マルティヌーの帰巣本能 

2009, 09. 06 (Sun) 18:14

「マルティヌーの帰巣本能」とは、マルティヌーについて、政治学者の故矢野幌氏が記した小論のタイトル。『20世紀音楽の構図―同時代性の論理(音楽選書)』(音楽之友社、1992年)という評論集に載っていた。
9頁余りの短い文章で、マルティヌーの音楽のコアを”帰巣本能”と評して、それをいろいろな角度から説明しているのが面白い。

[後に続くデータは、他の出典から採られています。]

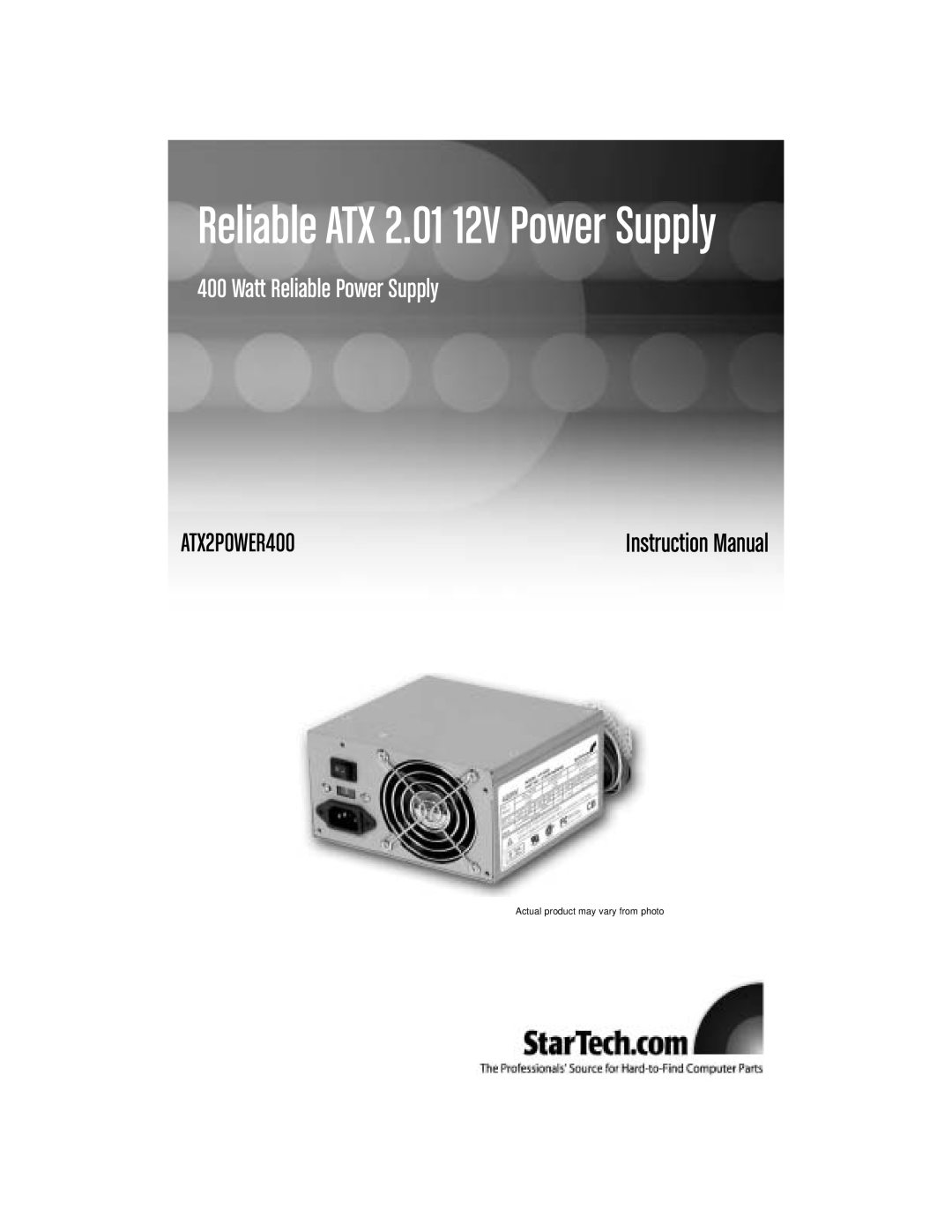 StarTech.com ATX2POWER400 instruction manual Reliable ATX 2.01 12V Power Supply, Watt Reliable Power Supply 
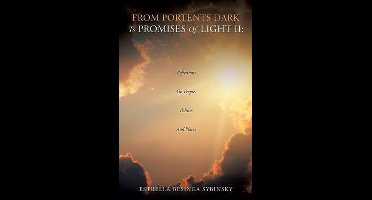 From Portents Dark to Promises of Light II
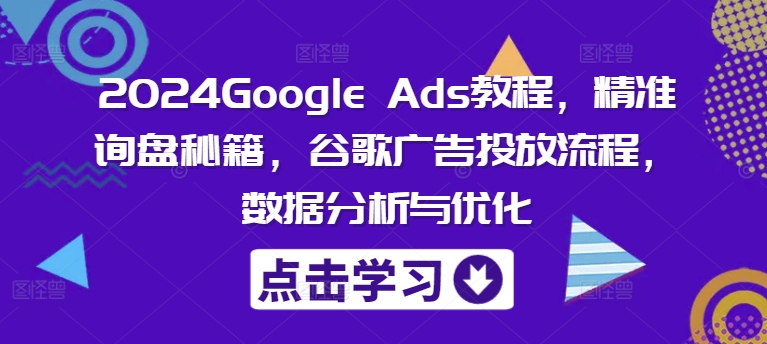 2024Google Ads教程，精准询盘秘籍，谷歌广告投放流程，数据分析与优化-小艾项目网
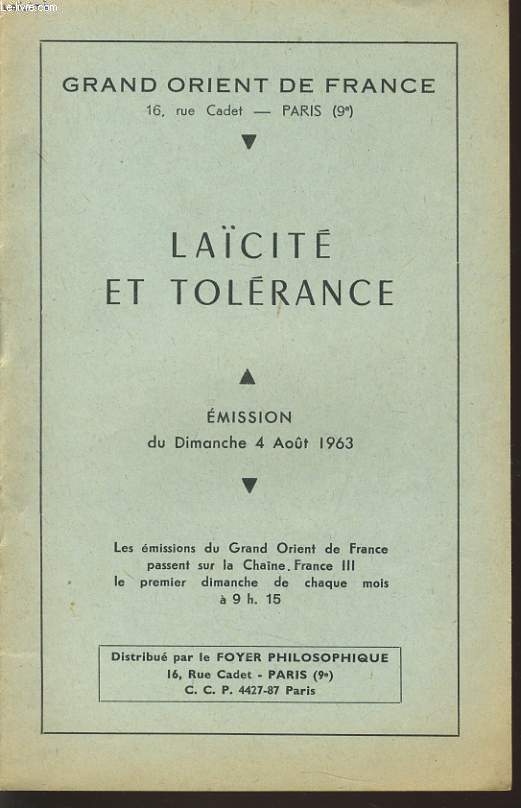 GRAND ORIENT DE FRANCE : LACITE ET TOLERANCE mision du dimanche 4 aot 1963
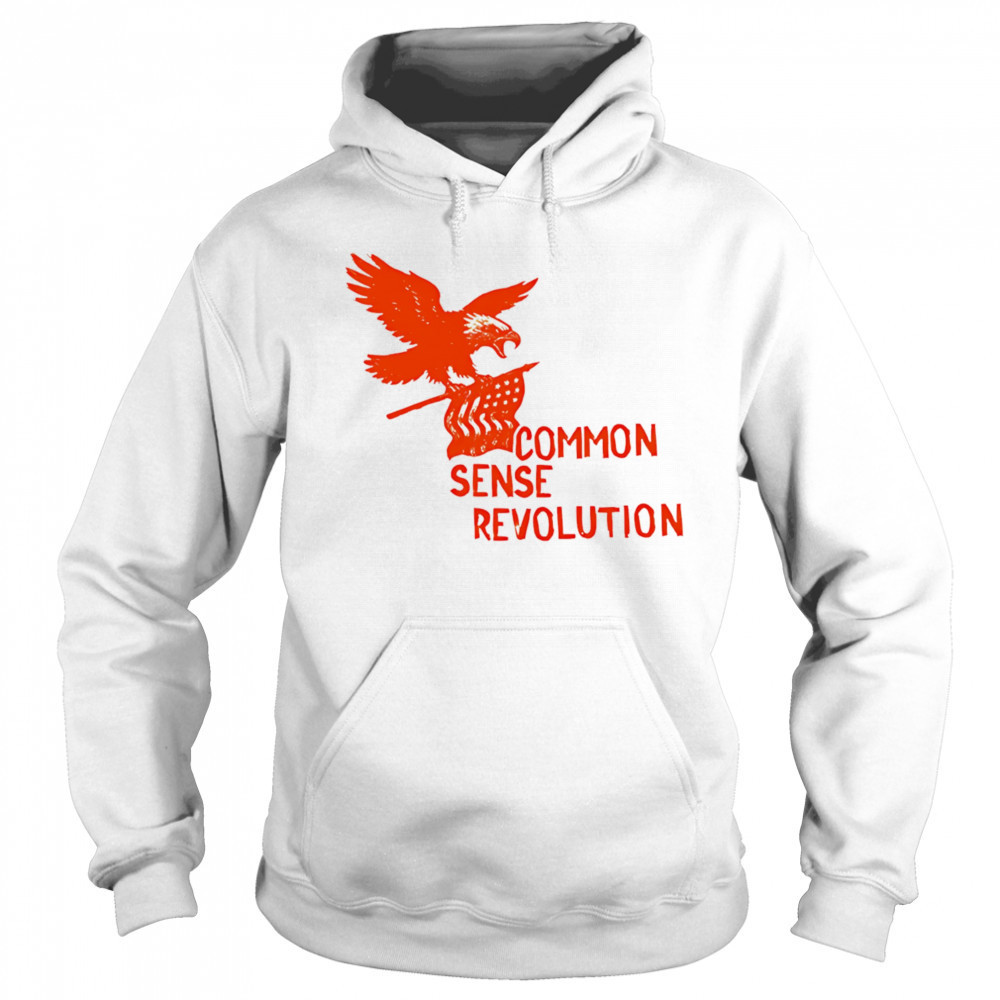 Eagle Common Sense Revolution shirt Sweatshirt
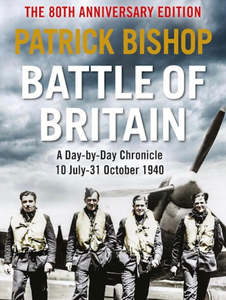 Books: BOOK: Battle of Britain by Patrick Bishop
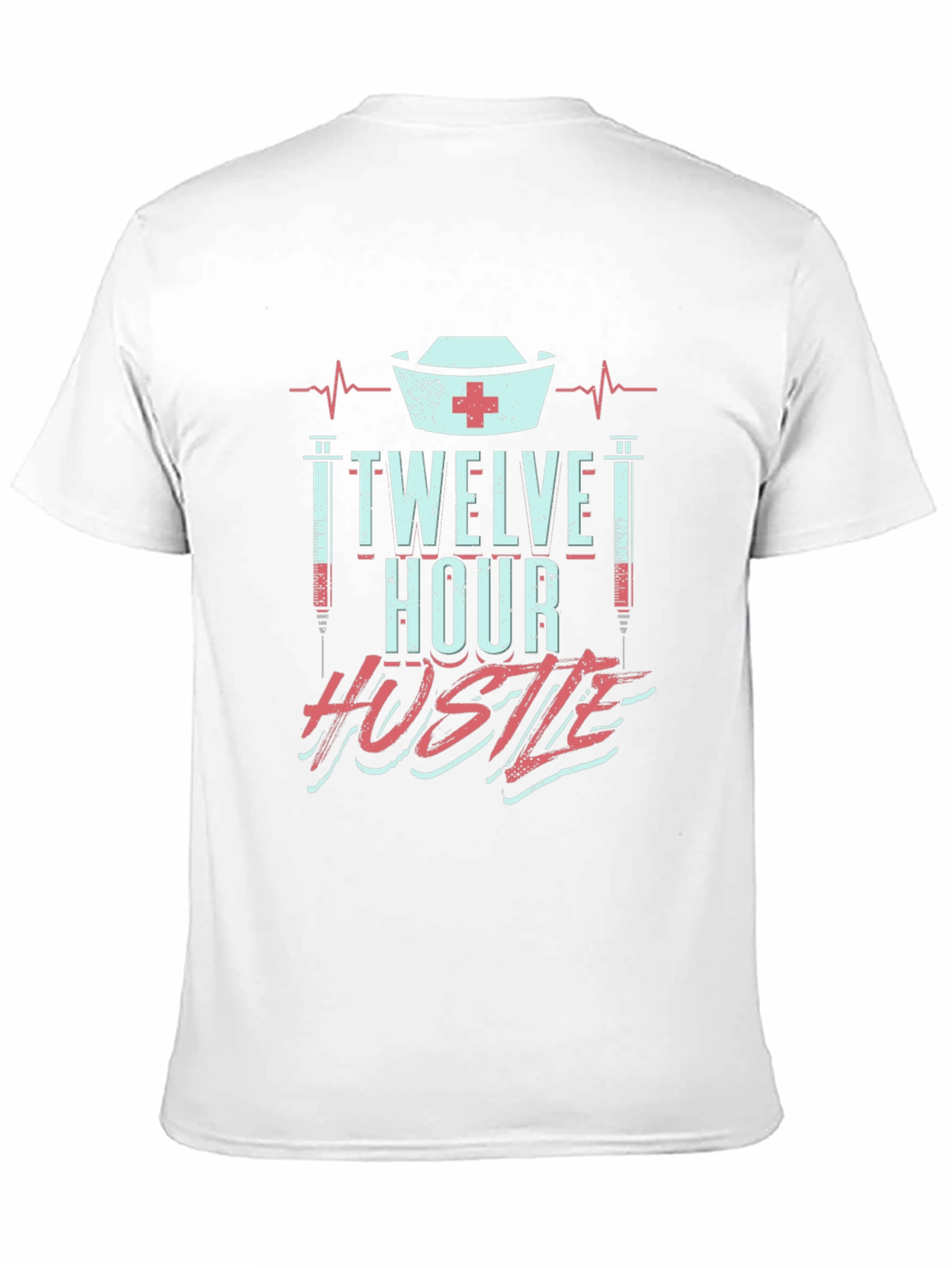 Twelve Hour Hustle Graphic T-Shirt for Nurses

マルティヌーの伝記作者ミフーレ教授は、マルティヌーには、「その心の神秘的な片隅、すなわち幼少期の年月についての記憶の流木を貯めておく片隅」みたいなものがあるという。
マルティヌーの幼い頃、教会の鐘楼の上の一室に住んでいて、これが193段の階段を登ったところにある下界が一望できる空間で、教会の鐘の音やオルガンの音が聞こえてきた。
著者は、この空間での10年余りの生活がその”片隅”を作ったのだろうと言う。

音楽院時代のマルティヌーはさほどパっとしなかった。チェコフィルの第2ヴァイオリン奏者であった時代、常任指揮者だったターリッヒによる作品解説が作曲家としては役に立ったらしい。
その後、パリに留学してルーセルに師事し、当時注目されていたオネゲルとストラヴィンスキーの影響を強く受ける。
このパリ留学時代に、マルティヌーの故郷に対する心理的絆が強化されたようで、それが終生マルティヌーの意識を縛ることになったという。
ミフーレ教授が「外国の環境でなつかしい故郷の声で人々に聴いてもらう内面的必要」がマルティヌーにはあり、マルティヌーは前衛音楽は全く書かずに、風土性を宿した音楽語法で作品を書き続けた。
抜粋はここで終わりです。